The obvious fact that is being overlooked here is that light is a form electromagnetic energy too. Turning a light on is a much more efficient way of pumping EM into a room, especially since most EM pumps are battery powered and capable of pumping out just a few microwatts of power, while a standard incandescent electric light could be supplying up to 100 watts.
Plus there's the massive amounts of electromagnetic energy that the Sun radiates to Earth during the day.
The biggest problem with ghost hunting in the dark is that while our eyes are an invaluable tool in the light, in the darkness they can be unreliable. Our eyes can play tricks on us in the dark. You may think you've seen something that's not really there in our hyper-sensitive state as our eyes struggle to compensate for the low light. Our eyes strain to see in the darkness and thee brain tries to make sense of what it's seeing by forming familiar shapes and patterns and its at times like these when you are most likely to see something that isn't really there.

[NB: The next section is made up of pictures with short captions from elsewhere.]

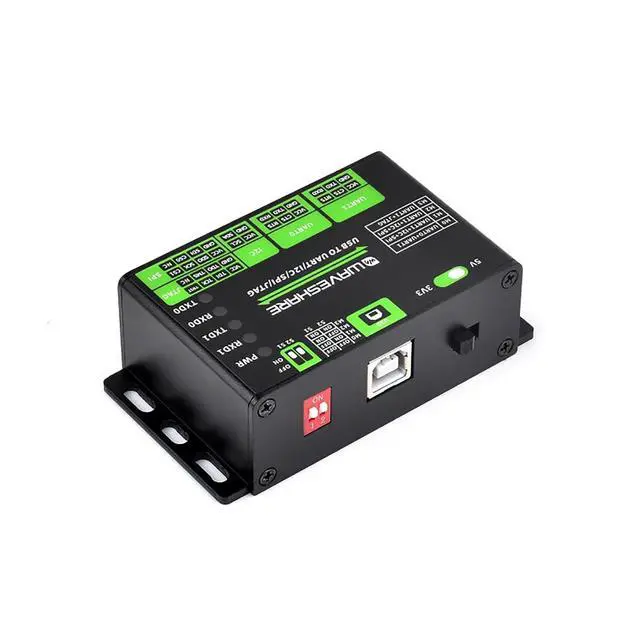 Alt view image 5 of 7 - USB to UART I2C SPI JTAG Converter, 2-CH UART up to 9Mbps, 3.3V/5V Level Switch, ESD & Resettable Fuse Protection, Aluminum Alloy Case, Windows/Linux Support, Rail/Wall Mount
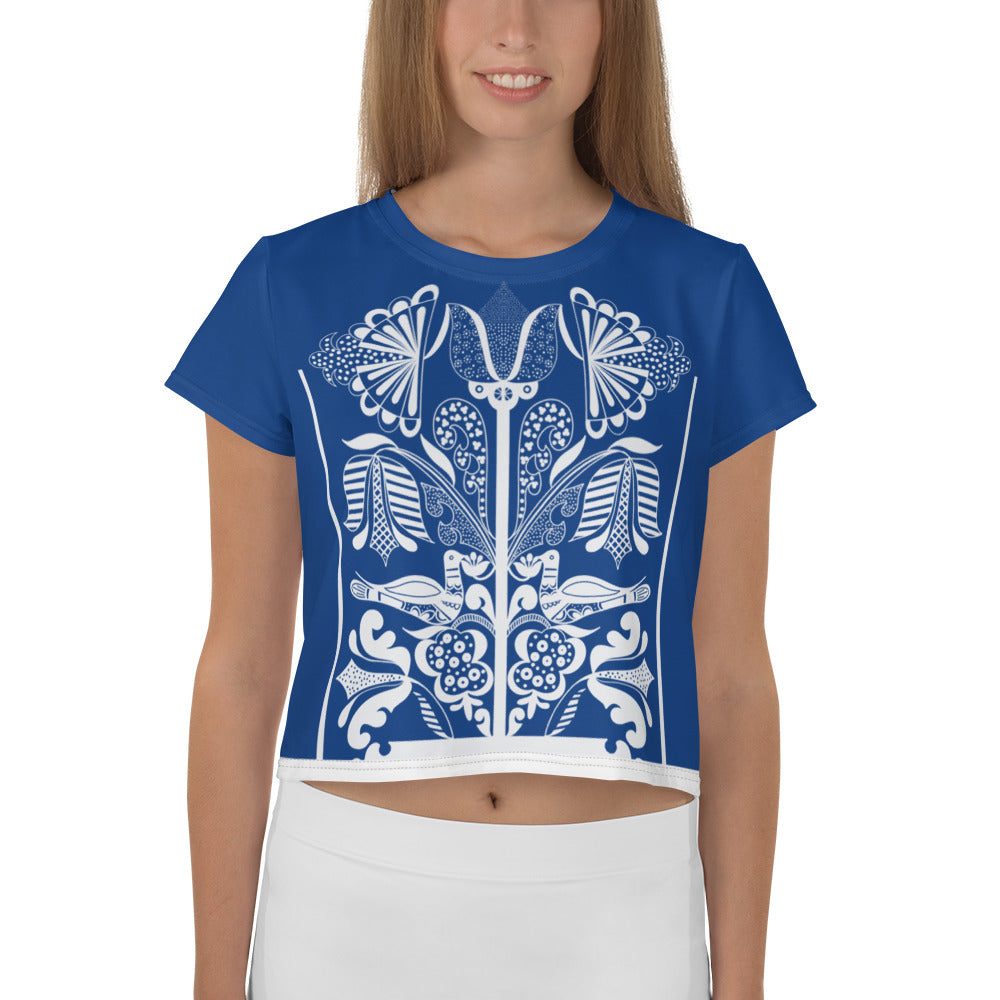 Lovely doves - All-Over Print Crop Tee - Blue true royal - Shirts & Tops- Print N Stuff - [designed in Turku FInland]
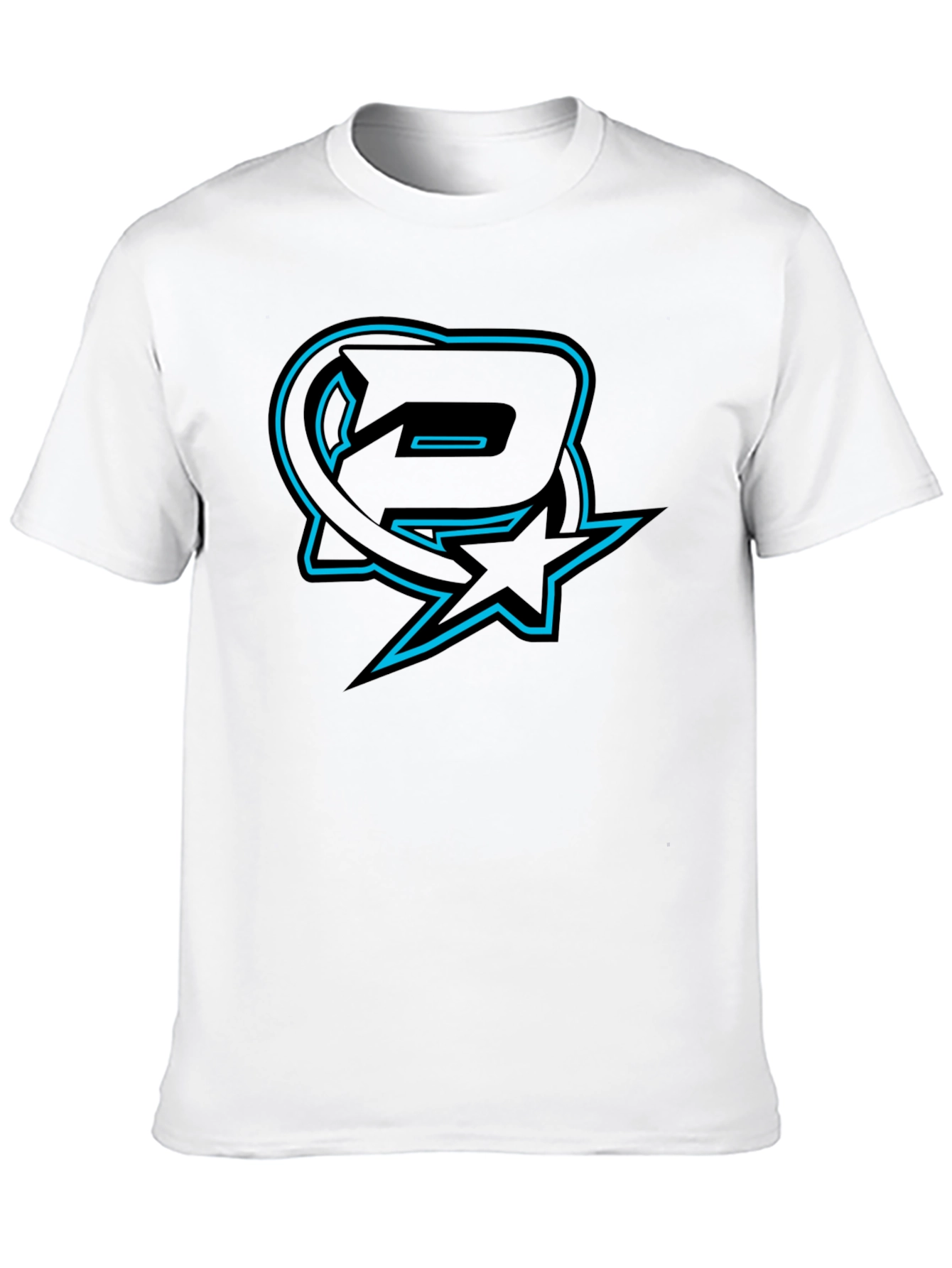 Black T-Shirt with Blue Logo Graphic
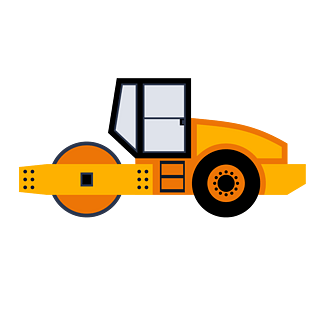 卡通矢量手绘翻斗车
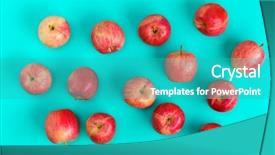  Presentation with pop art - Cool new theme with fruit pattern of red apple backdrop and a teal colored foreground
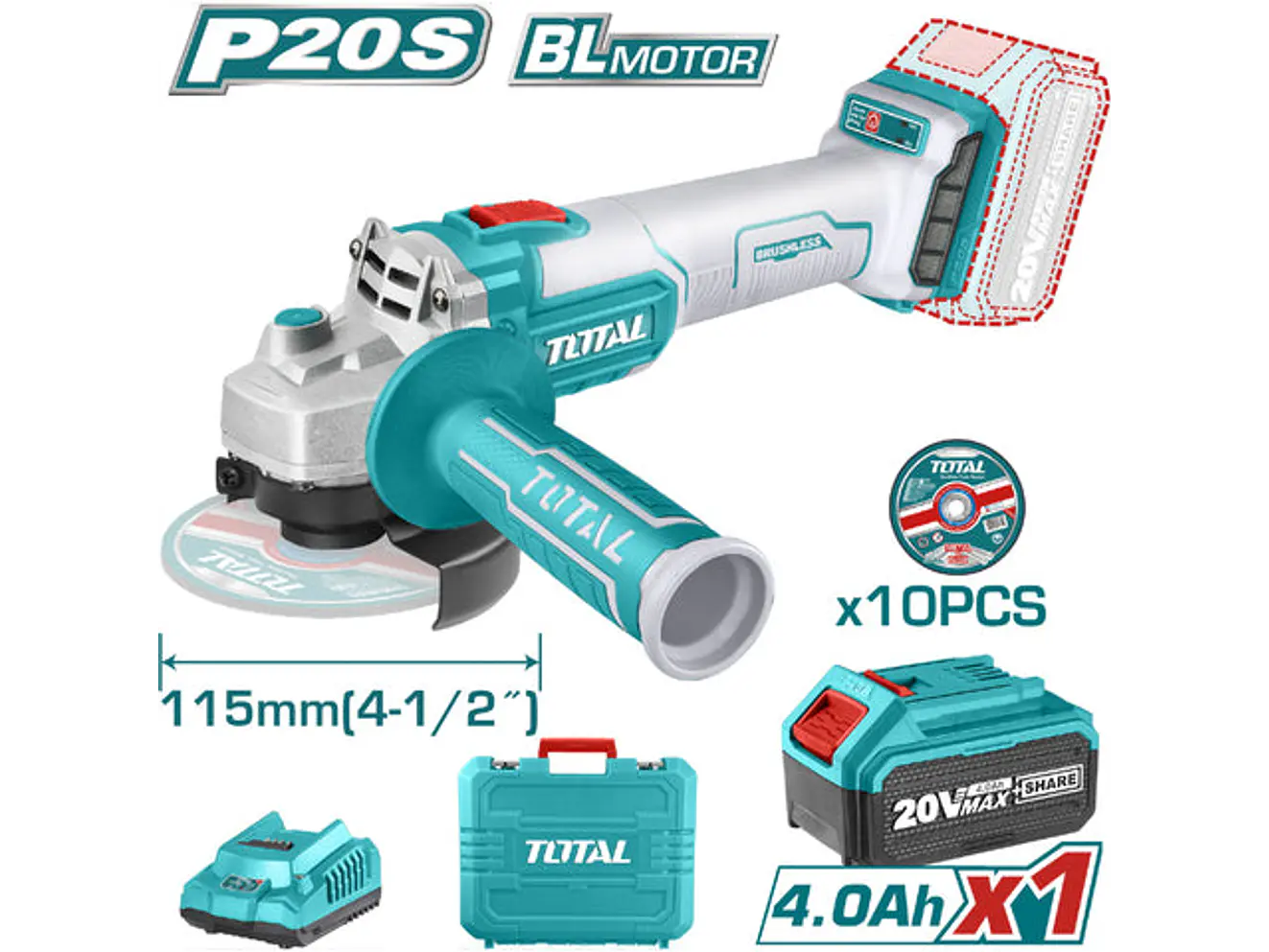 Pulidora Inalambrica 4 1/2 Industrial 20 V 1200W Incluye Bateria 4.0 Ah, Cargador Y 10 Discos, Motor Sin Escobillas Total Utagli2011587 - Envío a todo Colombia | aztools.co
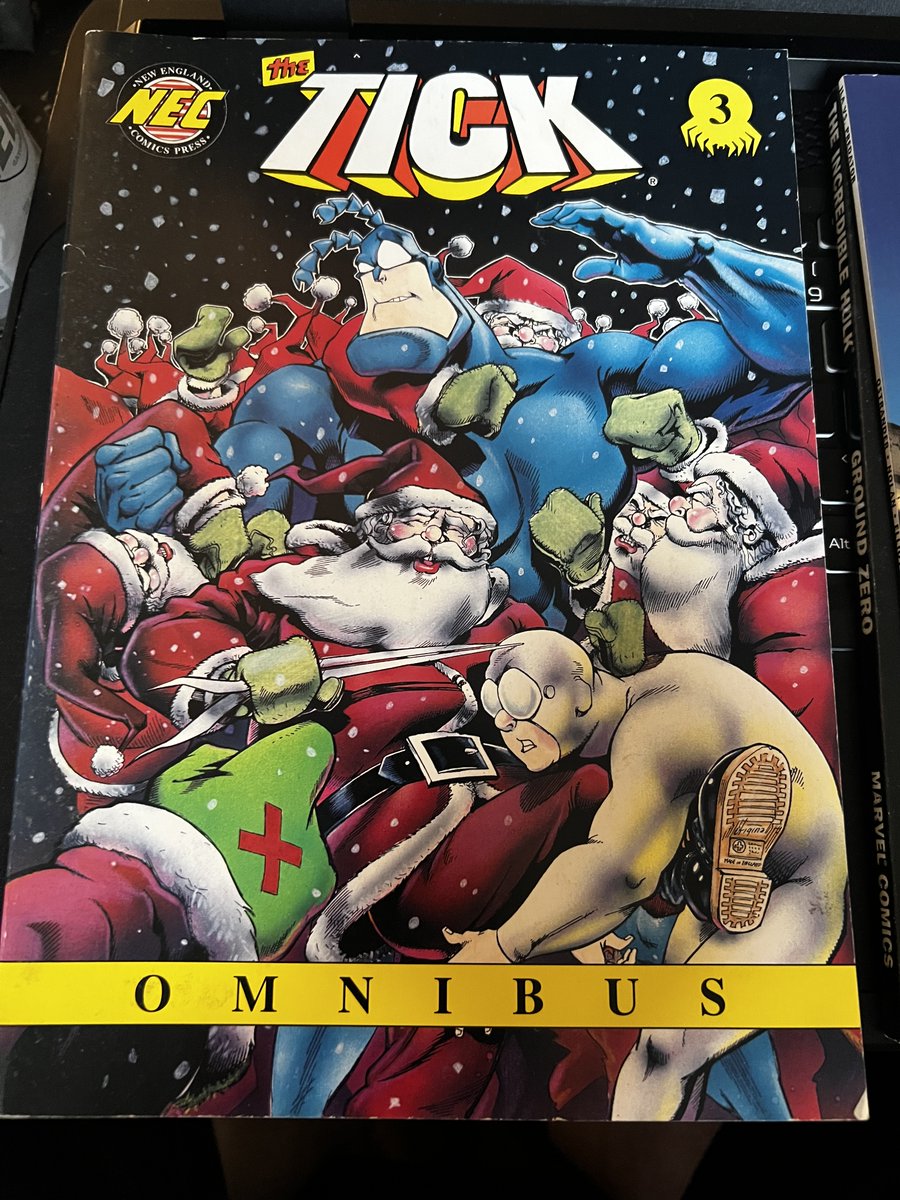 Hardman's tweet photo. Before the awesome cartoon and live-action shows, we had THE TICK comics!
Below are some collected versions of the early days of NEC's classic series:
The Tick Omnibus Vol. 1 - 3 - by @ben_edlund (1990, 1992, 1996)
#thetick #nec #spoon #greatcomics https://t.co/dMsg7hgom2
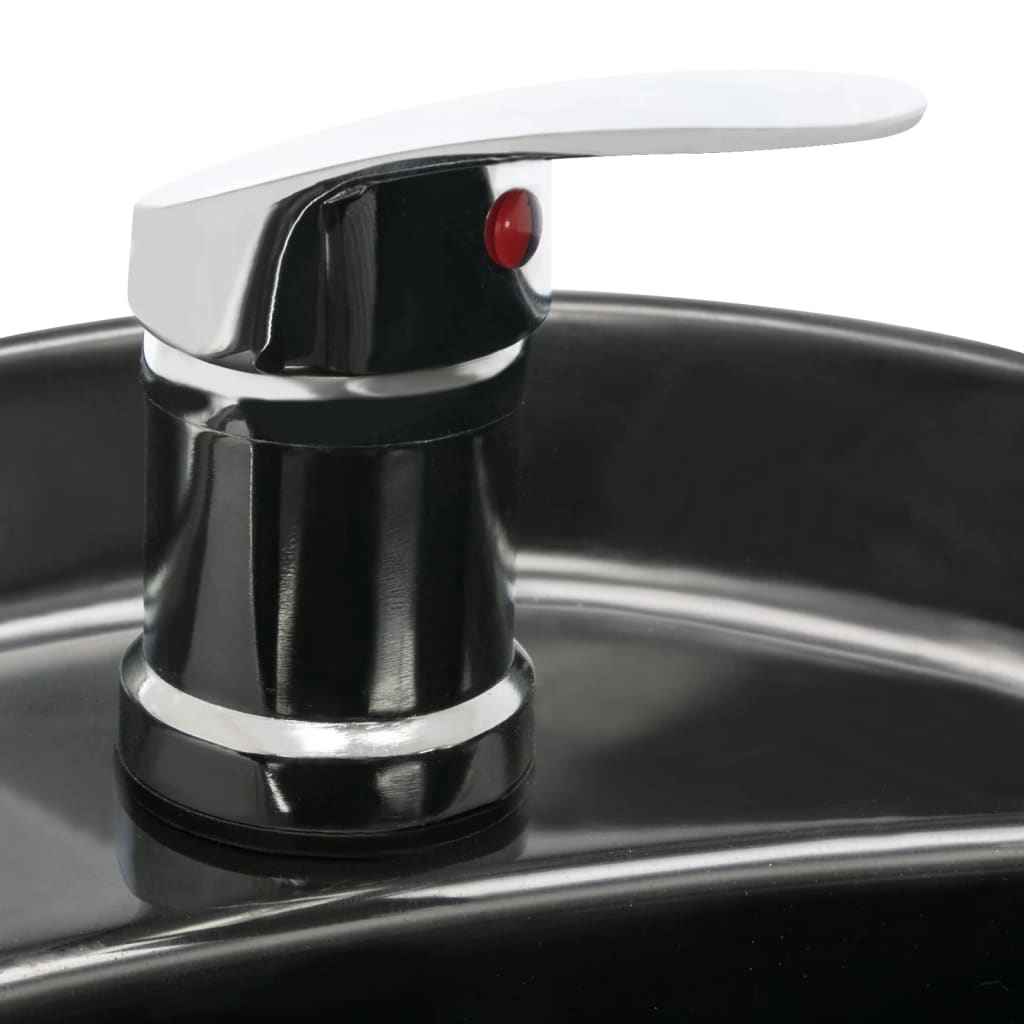 vidaXL Cadeira de salão/cabeleireiro com lavatório couro artificial preto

So next time you find yourself sat in the dark calling out for ghosts to show themselves, why not turn the lights on, at least for half of the investigation.
Left In The Dark At Margam Castle
I was at a public ghost hunting event at Margam Castle in Port Talbot, Wales where I experienced probably one of my most intriguing paranormal happenings to date.
The group of ghost hunters were in the castle's drawing room in the dark. I was stood in the large doorway with my back to the adjoining room, the library. As the group was calling out and willing activity to happen, a few of us heard something coming from the library.
It sounded like a small stone had been thrown, and bounced off of something before landing. A couple of us put our torches on and went to investigate the sound. Very quickly we were able to find a stone in the middle of the floor in the area we thought the sound had come from.
It did seem like the stone could have been responsible for the sound, but it was harder to tell for sure because the room had been dark. If the lights had been on, or we had seen the room previously in the light, we may have noticed if the stone was lying on the carpet already. This would of course either confirm the incident or allow us to rule the stone out and continue looking for the possible cause of the sound.
There's also a chance that with the lights on we might have seen that stone move, fall or being thrown. And, although I don't suspect it in this case, having the lights on does make it harder for someone to fake activity like a stone being thrown.